The metaphor is taken as it is basic to our way of thinking generally.
Change: Do you think it is easy to change? Ah, it is very hard to change and be different, for you have to go through the waters of oblivion.
Here forgetting is imagined as flowing water.
Metaphorical thinking widens our capacity for creative yet disciplined thought. We usually use the metaphor whenever we attempt to understand one element of experience in terms of another. When we say "that man works like a horse" or "the camel is the ship of the desert", we use the image of the horse or the camel to draw attention to certain qualities of horse or camel; the horse is the idea of power as in 'horse power', the camel is used for transporting cargo. The metaphor helps us to understand how hard the man works or the use of the camel, albeit in one particular way, or a partial, one-sided angle. The metaphor helps us to see and at the same time pushes other aspects to the background. Of course we highlight only one particular aspect, because the man may at the same time be a male chauvinist pig, a wise man, a nincompoop, a bore or highly intelligent. By drawing attention to the fact that the man is a hard worker we do not say anything about the other aspects. In this manner the metaphor can be used for inventive search and idea generation. We limit ourselves to certain aspects, not because they are the only ones, but because we want to focus on them in order to find a new perspective. Both brain halves are used: images, imagination as well as logical analysis.
Sir Alec Issigones, the brilliant car engineer who designed the Morris Minor and the mini, preferred working by himself and disliked large teams. He once described a camel as "a horse designed by committee". The statement draws attention to one particular aspect of committees: the difficulty to make people agree and the consequent result and one particular aspect of the camel: the ungracious appearance. Sir Alec missed the 'streamline' thereby forgetting that it is uniquely designed to survive in the desert.

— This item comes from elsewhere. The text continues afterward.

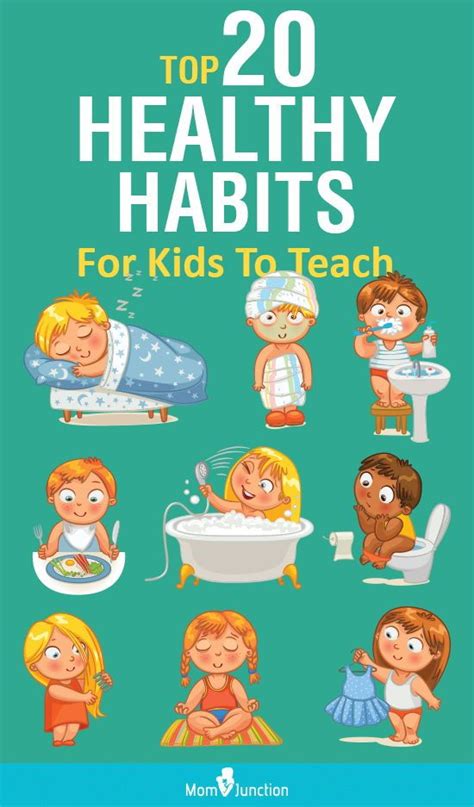 20 Essential Healthy Habits For Kids To Inculcate Healthy Habits For
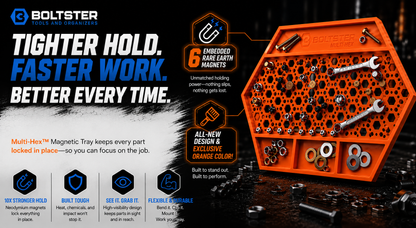 COMING SOON Boltster Multi-Hex Magnetic Organizing Tray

The effectiveness of our seeing depends on an ability to see how one particular aspect co-exists with other aspects. Because seeing one particular aspect very clearly, often makes other aspects invisible. The other aspects may seem complementary or even paradoxical. Metaphors can help us to understand paradoxes.
In the statement "the true leader follows" (Lao Tzu) we can observe such a paradox: to "lead" and "follow". It teaches us that true leaders look at the needs of people, want to help them in order to reach the objectives set by the leader. However, this only becomes visible after thinking and reflection of this particular statement.
By using different metaphors to understand the complex and paradoxical character of organizational life, we are able to manage and design organizations in ways that we may not have thought possible before. The new images complement the traditional images, which in no way means that the old are not valid anymore. The alternatives augment our view and help us to look at an organization from different angles.
A good starter is the book "Images of Organization" (Gareth Morgan) which can be seen as a treatise on metaphorical thinking that contributes to both the theory and practice of organizational analysis. It goes outside the traditional boundaries of organizational theory and deals with diverse sources such as biology, psychoanalysis, holography or political thought. It is presented as a manner to cope with the increasing complexity of the world we live in. We should not close our eyes to this complexity and pretend that everything is simpler than it is. The real challenge, according to Morgan, is to learn to deal with this complexity. Exactly in complexity and diversity the opportunities are to be found.
The proper start -for each participant of a brain storming session- is to map out all metaphors on a big white sheet (mind map). Create pictures for each metaphor and add the main characteristics. By thinking and discussing the pictures you will create awareness of what you already know and the associative powers of the brain guarantee new ideas. It will be amazing how easily new viewpoints and ideas can be found.
For an idea generation session it is suggested to proceed as follows:
- Start with a metaphor, and not with the actual situation.
- Describe the metaphor as extensively as possible.
- Make an inventory of all aspects that come up.
- Then switch to the actual situation and see how the aspects found, bear on it.
- The points found are worked out for the actual situation.